WASHINGTON — A survey of Army space officers found that most would consider transferring to the Space force if that were an option.
Conducted in March by the Army Space Personnel Development Office, the survey anonymously polled the entire active-duty officer corps of Functional Area 40 Space Operations, known as FA40.
The Army Space Personnel Development Office is the organization that represents FA40s in the U.S. Army Space and Missile Defense Command, based in Huntsville, Alabama.
The survey, a copy of which was obtained by SpaceNews, was only released internally within Army leadership circles.
The survey was sent to 409 officers in the FA40 career field, including 31 colonels, 64 lieutenant colonels, 172 majors and 142 captains. The FA40 career field does not include enlisted soldiers.
About two-thirds, or 270 of FA40 officers, responded to survey: 14 colonels, 33 lieutenant colonels, 124 majors and 99 captains.
The survey posed three central questions:
- If the Army maintains the majority of its space capabilities and formations, would you be willing to transfer to the Space Force? 85% said they would
- If the Army transfers most existing space capabilities to the Space Force, but maintains SSEs, I2CEWS and similar formations, would you be willing to transfer if offered? 89% said they would
- If the Army transfers all FA40s to the Space Force, would you transfer? 93% said they would
The SSEs are space support elements — small teams of FA40s assigned to tactical commanders to help integrate space expertise into the planning of operations and plans.
I2CEWS is short for intelligence, information, cyber, electronic warfare, and space units. This is the new unit that the Army has created to support multi-domain operations.
Most of the FA40s who would volunteer to leave the Army and join the Space Force are majors and captains.
Most of those who would not consider transferring said they viewed the Space Force as too Air Force-centric and were skeptical about their chances for promotion in the Space Force.
The officers who would make the move cite two main reasons: The excitement of being “plank owners” in a new service, and career opportunities that they believe would not be available in the Army. The term plank owners refers to members of newly commissioned units.
These are a some of the comments made by individual officers in the survey:
- Our expertise is going to be essential for the success of this new service. The FA40’s will ensure the new service has the tactical, operational expertise needed to be successful.

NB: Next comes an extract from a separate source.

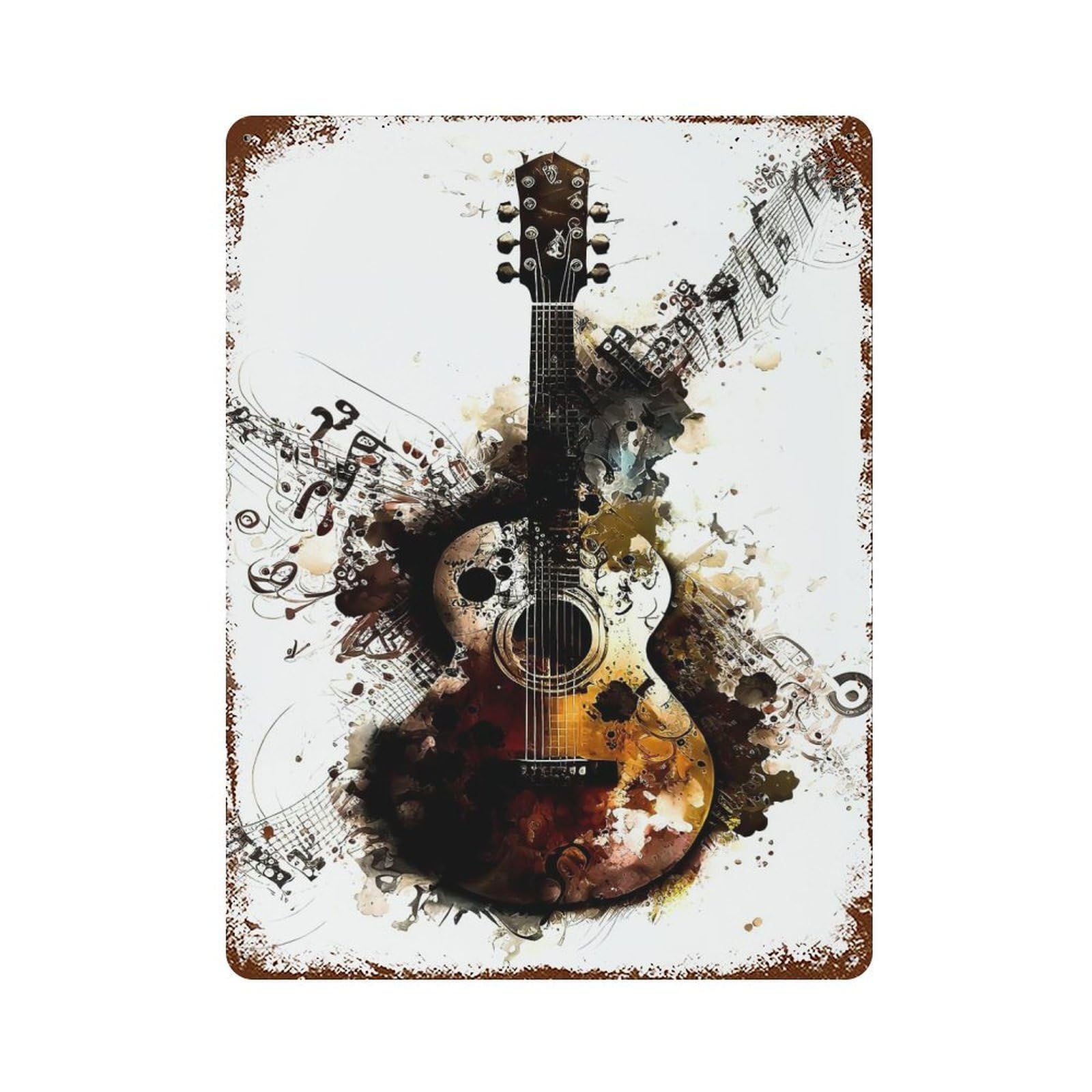Distressed Metal Wall Sign with Guitar Watercolor Design 15.7"x11.8", for Shed, Workshop And Garage Wall Decor, Decorative Metal Wall Art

- The housing and schools were better for my family when we lived on an Air Force base. The Air Force values higher education far more than the Army when it comes to promotion boards. I’ve seen the power of FA40s working alongside the Air Force.
- I think that the introduction of Army FA40s into the Space Force ranks would shake things up for the better.
- Air Force culture is and will be an issue. The culture has largely transitioned to Space Force: Risk averse, overly strategic focus, system/capabilities focused. Army will need to heavily augment to pull them off the ledge.
- I honestly believe that any space equities that do not belong to Space Force will be an afterthought for any other service.
- While I think it is best for the Army to keep a large part of its space missions, I find it personally more desirable to work in a pure space environment.
- The Space Force is entirely too Air Force centric. Changing Space Force culture to one of an operational-focused, warfighting mentality is on a generational timeline.
- The FA40s that transfer over will be marginalized by the Air Force careerists who will consider FA40s a threat.
The U.S. Space Force for now is only asking Air Force space operators to voluntarily transfer and so far has no plans to invite members of the Army to join. Space Force Vice Commander Lt. Gen. David Thompson said there are existing authorities that allow members of any of the services to cross commission. But he said the Space Force will not “actively engage with the Army and the Navy” until a process is developed to figure out who will be eligible.
The Army claims to be the military’s biggest consumer of space based services. A typical Army brigade has over 2,500 GPS-enabled devices and over 250 satellite communications enabled devices. Army units provide space-based positioning, navigation and timing; situational awareness; communications; missile warning; intelligence, surveillance and reconnaissance.